* _Goal of the exercise_:
Only the pictures should be left out; repeat the rest of the data exactly.

* _Data section_:
○ ○ ○ ○ ○ ○ ○

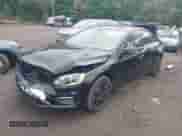 2017 Volvo S60 Dynamic с VIN YV126MFL3H2437131, выставлен на аукционе IAAI как лот 42237442 с пробегом 57 864 миль миль и . История ставок и продаж доступна на DreamBid. Изображение 18.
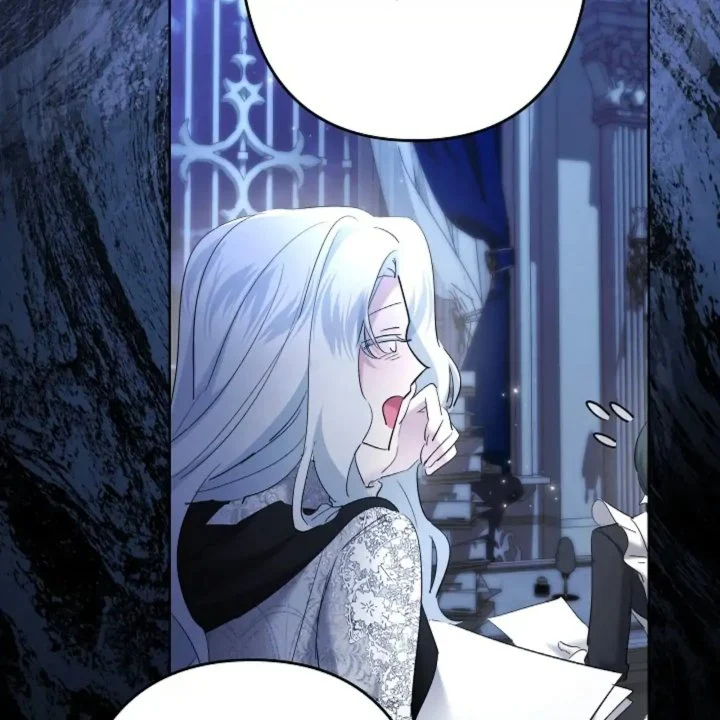 Chapter 57 - halaman 150
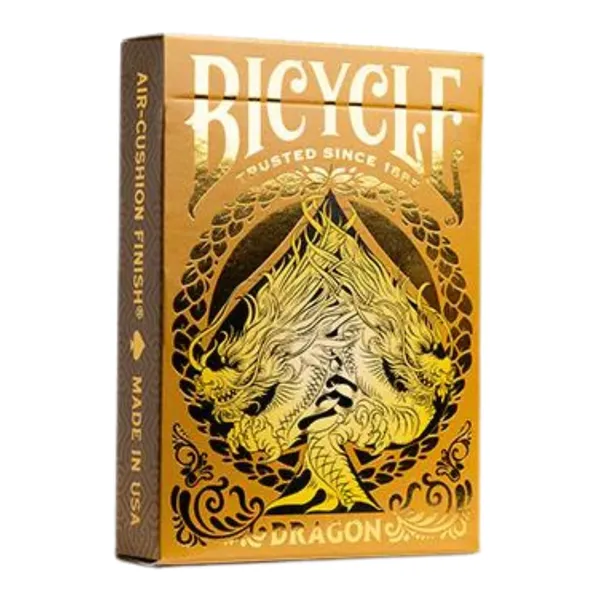 Bicycle_Dragon_Playing_Cards_Gold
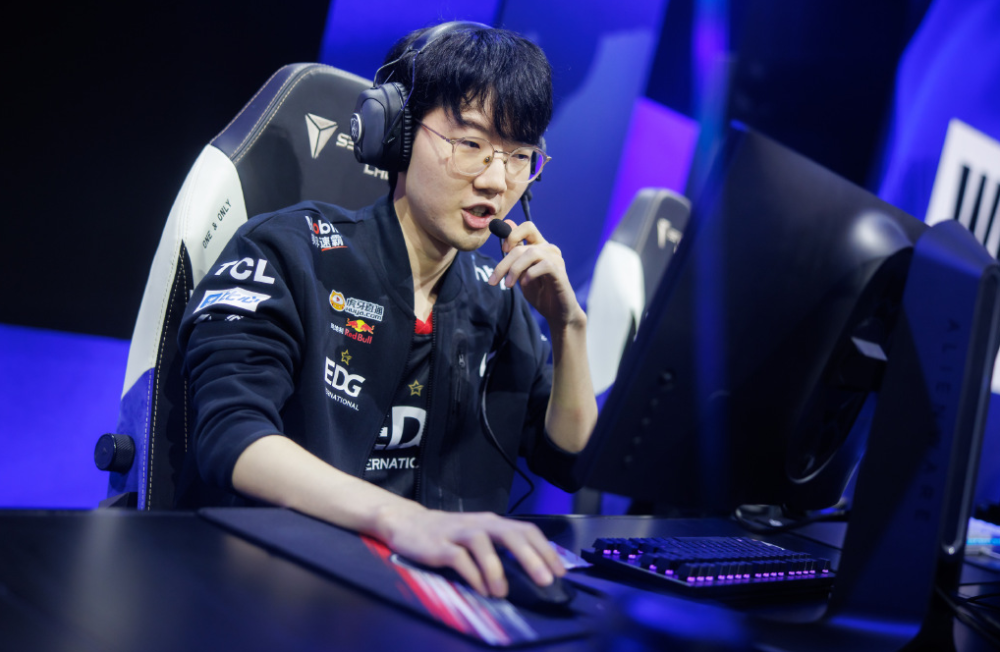 火箭vs开拓者全场2025一竞技入口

○ ○ ○ ○ ○ ○ ○

* _Answer to this task_:
 2017 Volvo S60 Dynamic с VIN YV126MFL3H2437131, выставлен на аукционе IAAI как лот 42237442 с пробегом 57 864 миль миль и . История ставок и продаж доступна на DreamBid. Изображение 18.
 Chapter 57 - halaman 150
 Bicycle_Dragon_Playing_Cards_Gold
 火箭vs开拓者全场2025一竞技入口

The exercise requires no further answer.